Take the penalty kick

As I write this, people everywhere are transfixed by the World Cup. Even those who don’t care much for football (soccer) find themselves heavily invested in the quadrennial tournament. Of all its captivating spectacles, from hundreds of thousands of compatriots chanting in unison to last-minute goals in extra time, nothing is more thrilling to watch than a heart-stopping penalty kick.

Before each PK, the camera will zoom in on the face of the kicker so all the world can see how nervous he is. Some players manage the nerves well, but others look petrified. All of them, without exception, seem at least a little uneasy—it wouldn’t be natural for a human to feel total calm in the face of so much pressure.

When the whistle blows, however, these kickers take bold action—action so decisive it looks completely at odds with the fear they exhibited only a few moments prior. It’s a beautiful thing to watch, really, because it encapsulates what men have done for as long as they’ve walked the earth: act despite inner resistance. Do things even though they suck.

The penalty kick in the game of seduction is the approach. Through the ages we men could display extreme bravery on the battlefield and yet completely freeze up at the thought of approaching a beautiful woman. Half the world’s armies could be thrown at us and we’d still stand tall—our Kryptonite was, and always will be, the glorious brunette across the room.

I sadly don’t have the recipe for how to get past “approach anxiety”. I’ve tried many methods, some better than others, but none have been reliable. The only surefire solution for me is alcohol, which doesn’t really count (you can’t always be tipsy). And while I’ve boldly taken the leap and talked to women despite inner chaos, that’s not really teachable as I can’t say how or why I did it.
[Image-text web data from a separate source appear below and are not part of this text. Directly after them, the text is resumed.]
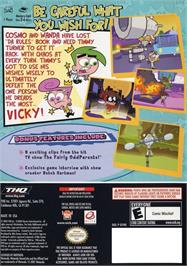 Box back cover for Fairly Odd Parents! - Breakin' Da Rules, The on the Nintendo GameCube.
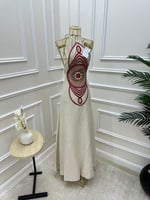 جلابية بيج قطعتين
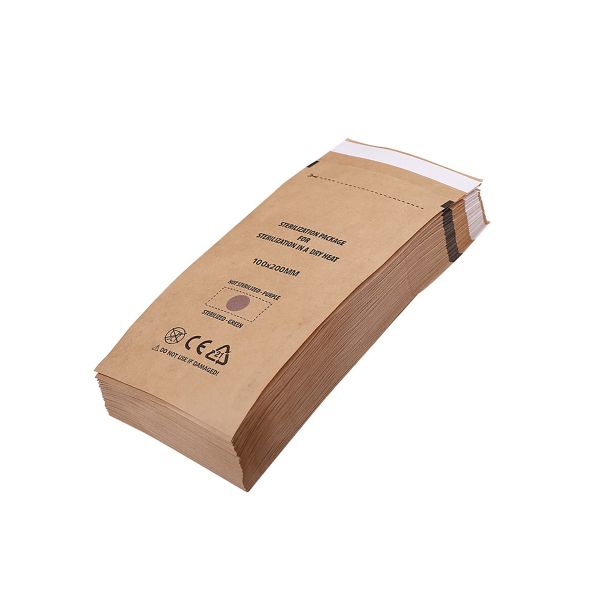 100 Pieces Disposable Kraft Paper Cleaning Bags Nail Tools Sterilizer Pouches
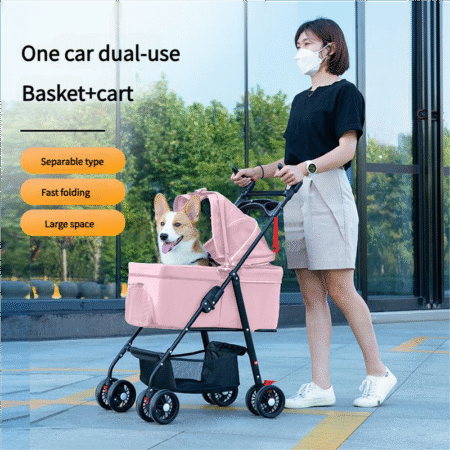 Pet stroller for dogs and cats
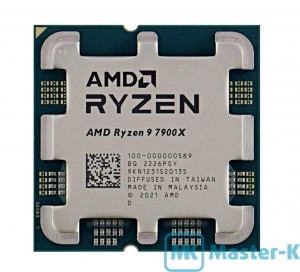 AMD RYZEN 9 7900X 4,7GHz (Turbo 5.60GHz)/12C,24T/64Mb-L3, AM5 Tray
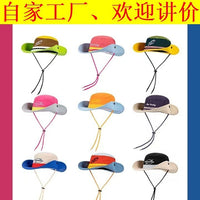Women's Color Block Bucket Hat with Smile Face Patch for Outdoor Hiking and Travel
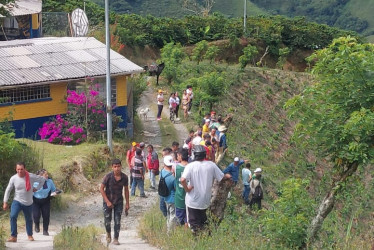 Vereda Diamante de Aguadas (Caldas).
The closest thing to an answer is probably that there is no answer—you just need to approach. Approach anxiety is related to procrastination in this way, since the best remedy for procrastinators is to do the thing they’re procrastinating on (author and productivity coach Steve Chandler’s three steps for overcoming procrastination: “list three things you’ve procrastinated on. Do those three things.”)

Roosh’s answer to approach anxiety is like this. He writes in Bang:

I don’t care if your heart is about to explode from your chest, if your face is redder than a tomato, if you can barely breathe, or if you’re on the floor having a seizure while foaming from the mouth–you’re going to look a girl in the eyes, open your mouth, and say the words.

Part of me thinks this is great wisdom, part of me thinks it’s circular reasoning (if you can’t do x then do x). If it turns out it’s the latter, and I suspect it is, then we’re back at square one.

My way past this impasse is simply this: take Roosh’s advice and just approach, no matter how nervous you are. But if that invisible wall is still holding you back, then do something, anything, that you find difficult due to inner resistance. Remember Bill O’Reilly’s “fuck it, we’ll do it live”? I think all men should work that muscle at least once a day.

And never underestimate small wins: even just not reaching for your phone when you really want to is working the same muscle that will get you to make that approach. It’s exercising the same neural networking that will get you to do the thing you want to do but can’t due to inner resistance. So take a deep breath, focus your mind, and take that penalty kick.